Once tried interpet, but you could feel the tank vibrate as it was higher wattage.


----------



## Born to Boogie (Oct 1, 2010)

Thank you, Peapet  I wii look at the Fluvals
He is a strange beasty


----------



## NaomiM (Sep 22, 2012)

I've heard that Eheims are good for being quiet, but not used one myself.

I assume you know not to have any fish in with him, and not to have him in an overly deep tank, as they need to come up for air


----------



## nickmcmechan (Aug 1, 2009)

I've had a few eheims in the past, excellent, totally silent, including the internal model


----------



## nickmcmechan (Aug 1, 2009)

Seems like good info

African Clawed Frog care sheet - theAmphibian.co.uk - xenopus laevis, pipidae, frogs, care, breeding, feeding, facts, housing

Wonder if Amazonian frogbit would make them feel comfortable?


----------



## Born to Boogie (Oct 1, 2010)

NaomiM said:


> I assume you know not to have any fish in with him, and not to have him in an overly deep tank, as they need to come up for air


Disappearing fish  that's why he wasn't wanted anymore.
I have him fairly shallow and with a lid; I've read they can be climbers.
Thank you, I'll research Eheims.


----------



## Born to Boogie (Oct 1, 2010)

nickmcmechan said:


> Seems like good info
> 
> African Clawed Frog care sheet - theAmphibian.co.uk - xenopus laevis, pipidae, frogs, care, breeding, feeding, facts, housing
> 
> Wonder if Amazonian frogbit would make them feel comfortable?


Thank you for the link 
A face only a mother could love  It's probably a good thing I'm a soft touch.

Amazon frogbit looks good, thanks again :thumbup:


----------



## magpie (Jan 3, 2009)

I've also recently (about 2 months ago) taken in an unwanted african clawed frog... they're fascinating little creatures, aren't they!? 

I have a pretty quiet internal filter in her tank at the moment, but am thinking about swapping it for a small external, to cut down on the noise & vibrations and to free up some space inside the tank too.

Do you have any pics of your new addition?


----------



## labradrk (Dec 10, 2012)

I use the Fluval U2/U3 etc range and find them to be excellent. The flow rate is fully adjustable and is silent.


----------



## Born to Boogie (Oct 1, 2010)

magpie said:


> I've also recently (about 2 months ago) taken in an unwanted african clawed frog... they're fascinating little creatures, aren't they!?
> 
> I have a pretty quiet internal filter in her tank at the moment, but am thinking about swapping it for a small external, to cut down on the noise & vibrations and to free up some space inside the tank too.
> 
> Do you have any pics of your new addition?


Was yours a fish eater, too?

No pics of little Elmo yet  I always thought I was the batty dog lady, round here.

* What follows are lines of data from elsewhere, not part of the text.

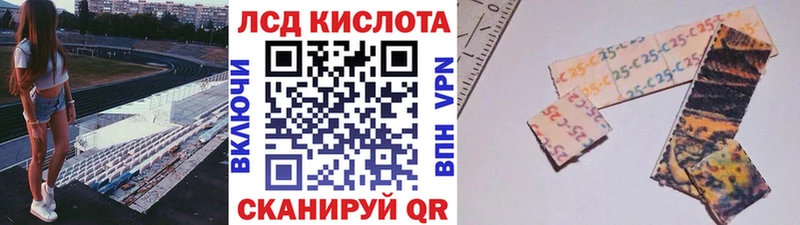 Марки NBOMe 1,8мг  даркнет официальный сайт  Евпатория  мега  
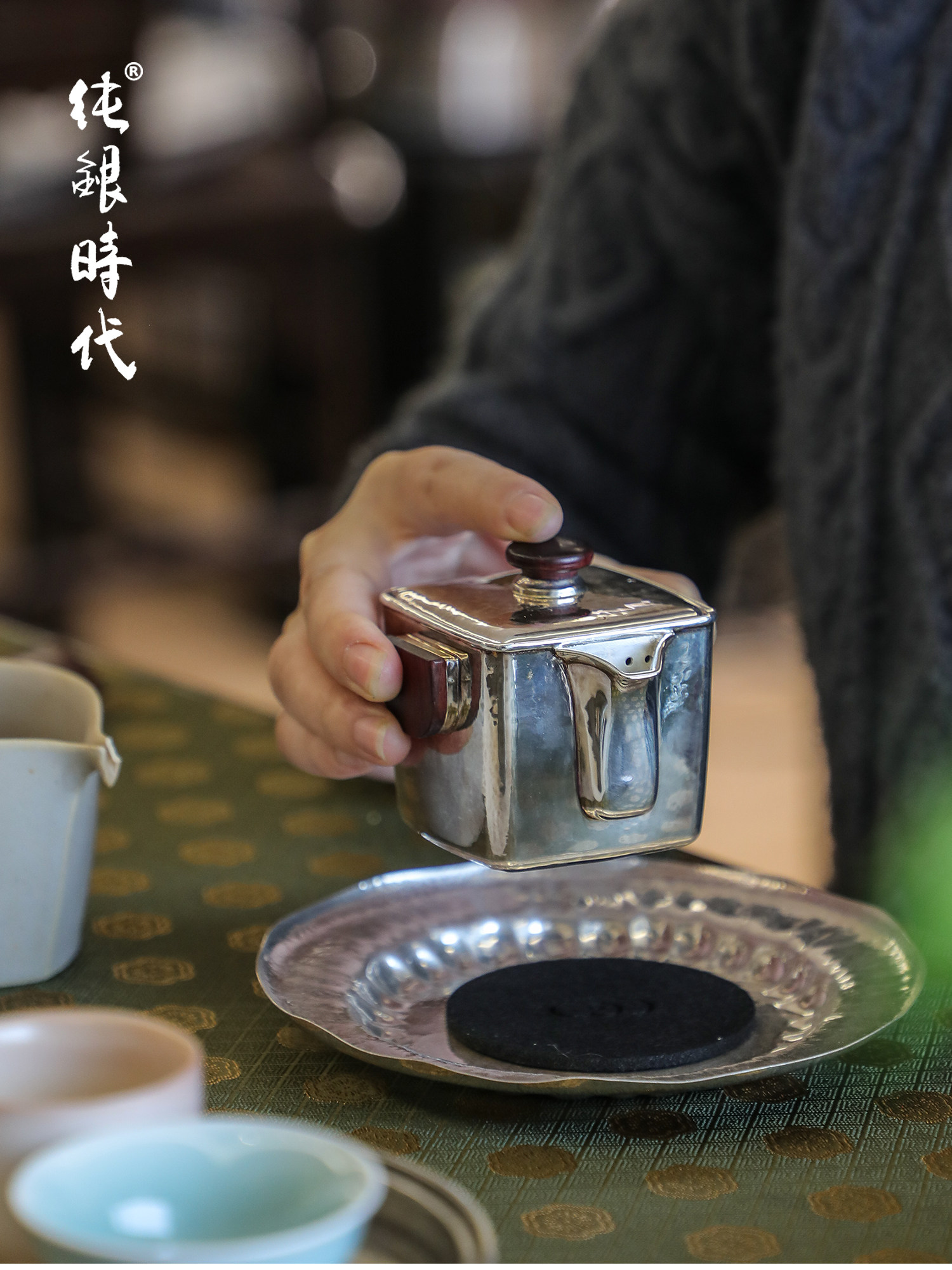 纯银时代 四方手抓银壶泡茶壶足银9999纯手工独特食品级精致150ml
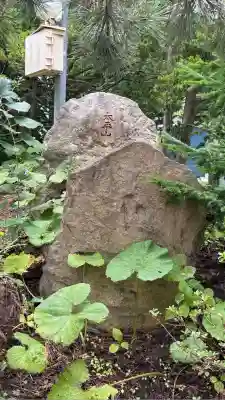 森三吉神社(北海道)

Turns out, I am in fact, the batty frog lady  I despair


----------



## Born to Boogie (Oct 1, 2010)

labradrk said:


> I use the Fluval U2/U3 etc range and find them to be excellent. The flow rate is fully adjustable and is silent.


Cheers

I'm very grateful, for your input  Off to World of Water, today.


----------



## magpie (Jan 3, 2009)

Born to Boogie said:


> Was yours a fish eater, too?
> 
> No pics of little Elmo yet  I always thought I was the batty dog lady, round here. Turns out, I am in fact, the batty frog lady  I despair


Lol! 

Mine was being housed with a goldfish, which it did chase and bully, but fortunately hadn't managed to eat! The goldfish is now in with my other goldies and the acf has a tank to herself


----------